Drift Monitoring

Data drift occurs when the statistical properties of incoming (production) data diverge from the data the model was trained on. Skyulf provides a DriftCalculator to detect this automatically.

When to use drift detection

Before running predictions on new data batches.
As a scheduled health check in production pipelines.
After a data source change (new CSV, new API feed, schema migration).

Quick example

import polars as pl
from skyulf.profiling import DriftCalculator

# Reference = your training data
reference = pl.DataFrame({
    "age": [25, 30, 35, 40, 45, 50],
    "income": [30000, 45000, 55000, 65000, 70000, 80000],
})

# Current = new production data
current = pl.DataFrame({
    "age": [60, 65, 70, 75, 80, 85],
    "income": [90000, 95000, 100000, 110000, 120000, 130000],
})

calc = DriftCalculator(reference, current)
report = calc.calculate_drift()

print(f"Drifted columns: {report.drifted_columns_count}")
for col, drift in report.column_drifts.items():
    print(f"  {col}: drift={drift.drift_detected}")
    for m in drift.metrics:
        print(f"    {m.metric}: {m.value:.4f} (threshold={m.threshold}, drifted={m.has_drift})")

Drift metrics

The DriftCalculator computes these metrics for each numeric column:

Metric	What it measures	Default threshold
Wasserstein distance	How much "work" to transform one distribution into the other	0.1 (normalized)
KS test (Kolmogorov-Smirnov)	Maximum distance between CDFs; returns a p-value	p < 0.05
PSI (Population Stability Index)	Binned distribution shift	0.2
KL divergence	Information-theoretic divergence	0.1

A column is flagged as "drifted" if any metric exceeds its threshold.

Custom thresholds

report = calc.calculate_drift(thresholds={
    "psi": 0.15,
    "ks": 0.01,
    "wasserstein": 0.05,
    "kl_divergence": 0.2,
})

Schema drift

The report also detects structural changes:

report.missing_columns — columns present in reference but absent in current data.
report.new_columns — columns in current data that were not in the reference.

Report structure

DriftReport(
    reference_rows=1000,
    current_rows=500,
    drifted_columns_count=2,
    column_drifts={
        "age": ColumnDrift(
            column="age",
            metrics=[...],
            drift_detected=True,
            suggestions=["Consider retraining..."],
        ),
    },
    missing_columns=[],
    new_columns=["new_feature"],
)

Data format

DriftCalculator works with Polars DataFrames.
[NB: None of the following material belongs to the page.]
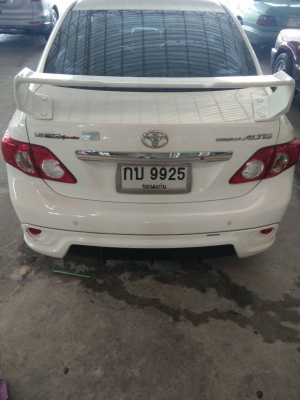 TOYOTA  ALTIS  รถสวยตามภาพ รถใช้ส่วนตัวนานๆใช้  ราคา  420,000  บาท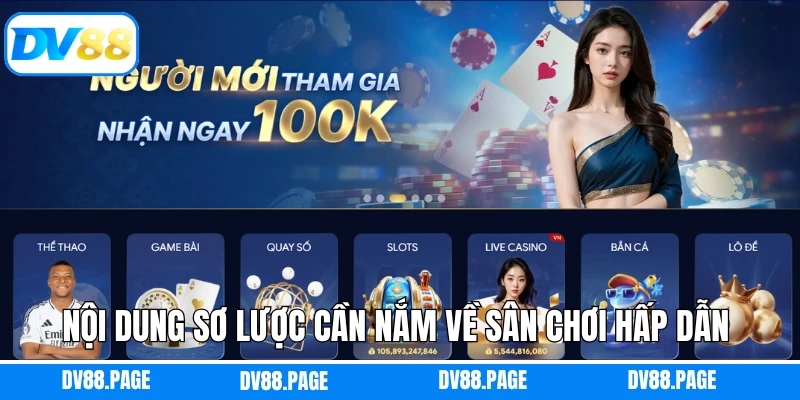 Nội dung sơ lược cần nắm về sân chơi hấp dẫn 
If your data is in Pandas:

import polars as pl

reference_pl = pl.from_pandas(reference_pd)
current_pl = pl.from_pandas(current_pd)

Dependencies

Drift calculation requires scipy (installed with skyulf-core by default).

Tips

Run drift detection before prediction to catch issues early.
Log drift reports over time to track gradual distribution shifts.
If drift is detected, consider retraining the model on recent data.
Non-numeric columns are currently skipped — encode them first if you need categorical drift detection.